> [Task objective]
Beneath this instruction is a listing. Transcribe from it only the stretch from the line with "2Pcs Pancake Batter" through the line with "Size: 2000x1800 |", both end lines included, exactly as written.

> [Extracted information]
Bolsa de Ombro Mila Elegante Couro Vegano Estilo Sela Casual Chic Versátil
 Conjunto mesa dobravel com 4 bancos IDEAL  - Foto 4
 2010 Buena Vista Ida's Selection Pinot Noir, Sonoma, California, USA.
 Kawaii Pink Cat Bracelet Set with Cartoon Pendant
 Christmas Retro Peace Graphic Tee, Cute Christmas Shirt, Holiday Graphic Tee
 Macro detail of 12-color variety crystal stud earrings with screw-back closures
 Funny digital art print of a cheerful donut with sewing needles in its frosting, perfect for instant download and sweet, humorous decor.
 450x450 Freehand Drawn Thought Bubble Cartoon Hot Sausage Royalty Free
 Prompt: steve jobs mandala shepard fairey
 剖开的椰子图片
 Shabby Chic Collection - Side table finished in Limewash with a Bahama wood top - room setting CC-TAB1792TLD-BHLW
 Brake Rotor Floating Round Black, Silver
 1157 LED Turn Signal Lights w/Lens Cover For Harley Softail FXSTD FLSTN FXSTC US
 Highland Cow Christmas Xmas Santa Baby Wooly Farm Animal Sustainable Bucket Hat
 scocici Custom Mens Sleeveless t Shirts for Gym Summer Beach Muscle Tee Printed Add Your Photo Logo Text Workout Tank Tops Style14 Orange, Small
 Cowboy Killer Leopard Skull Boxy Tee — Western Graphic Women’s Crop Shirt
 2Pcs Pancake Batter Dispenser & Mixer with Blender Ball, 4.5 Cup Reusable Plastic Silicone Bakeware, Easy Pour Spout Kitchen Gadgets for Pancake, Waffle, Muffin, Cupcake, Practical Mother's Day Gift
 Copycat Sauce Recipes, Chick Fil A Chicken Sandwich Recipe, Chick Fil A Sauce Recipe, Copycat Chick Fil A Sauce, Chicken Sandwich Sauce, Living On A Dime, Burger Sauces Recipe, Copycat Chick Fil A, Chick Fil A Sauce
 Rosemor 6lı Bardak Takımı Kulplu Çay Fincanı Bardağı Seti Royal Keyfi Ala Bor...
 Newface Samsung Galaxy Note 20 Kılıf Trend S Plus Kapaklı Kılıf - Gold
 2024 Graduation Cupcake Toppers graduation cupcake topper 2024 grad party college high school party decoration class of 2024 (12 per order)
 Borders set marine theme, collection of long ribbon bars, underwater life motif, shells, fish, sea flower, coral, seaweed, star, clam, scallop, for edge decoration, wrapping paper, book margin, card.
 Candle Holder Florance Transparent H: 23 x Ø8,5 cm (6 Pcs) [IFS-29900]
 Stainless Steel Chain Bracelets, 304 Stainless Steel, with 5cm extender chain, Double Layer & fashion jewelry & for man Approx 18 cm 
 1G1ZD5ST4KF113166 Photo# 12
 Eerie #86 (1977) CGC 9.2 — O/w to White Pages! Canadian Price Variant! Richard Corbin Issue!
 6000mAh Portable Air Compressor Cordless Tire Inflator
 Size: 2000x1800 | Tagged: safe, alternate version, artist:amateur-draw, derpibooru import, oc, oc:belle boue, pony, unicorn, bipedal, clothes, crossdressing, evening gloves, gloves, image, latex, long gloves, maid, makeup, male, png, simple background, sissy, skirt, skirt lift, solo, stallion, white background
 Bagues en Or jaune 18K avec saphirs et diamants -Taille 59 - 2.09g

> [Task solution]
 2Pcs Pancake Batter Dispenser & Mixer with Blender Ball, 4.5 Cup Reusable Plastic Silicone Bakeware, Easy Pour Spout Kitchen Gadgets for Pancake, Waffle, Muffin, Cupcake, Practical Mother's Day Gift
 Copycat Sauce Recipes, Chick Fil A Chicken Sandwich Recipe, Chick Fil A Sauce Recipe, Copycat Chick Fil A Sauce, Chicken Sandwich Sauce, Living On A Dime, Burger Sauces Recipe, Copycat Chick Fil A, Chick Fil A Sauce
 Rosemor 6lı Bardak Takımı Kulplu Çay Fincanı Bardağı Seti Royal Keyfi Ala Bor...
 Newface Samsung Galaxy Note 20 Kılıf Trend S Plus Kapaklı Kılıf - Gold
 2024 Graduation Cupcake Toppers graduation cupcake topper 2024 grad party college high school party decoration class of 2024 (12 per order)
 Borders set marine theme, collection of long ribbon bars, underwater life motif, shells, fish, sea flower, coral, seaweed, star, clam, scallop, for edge decoration, wrapping paper, book margin, card.
 Candle Holder Florance Transparent H: 23 x Ø8,5 cm (6 Pcs) [IFS-29900]
 Stainless Steel Chain Bracelets, 304 Stainless Steel, with 5cm extender chain, Double Layer & fashion jewelry & for man Approx 18 cm 
 1G1ZD5ST4KF113166 Photo# 12
 Eerie #86 (1977) CGC 9.2 — O/w to White Pages! Canadian Price Variant! Richard Corbin Issue!
 6000mAh Portable Air Compressor Cordless Tire Inflator
 Size: 2000x1800 | Tagged: safe, alternate version, artist:amateur-draw, derpibooru import, oc, oc:belle boue, pony, unicorn, bipedal, clothes, crossdressing, evening gloves, gloves, image, latex, long gloves, maid, makeup, male, png, simple background, sissy, skirt, skirt lift, solo, stallion, white background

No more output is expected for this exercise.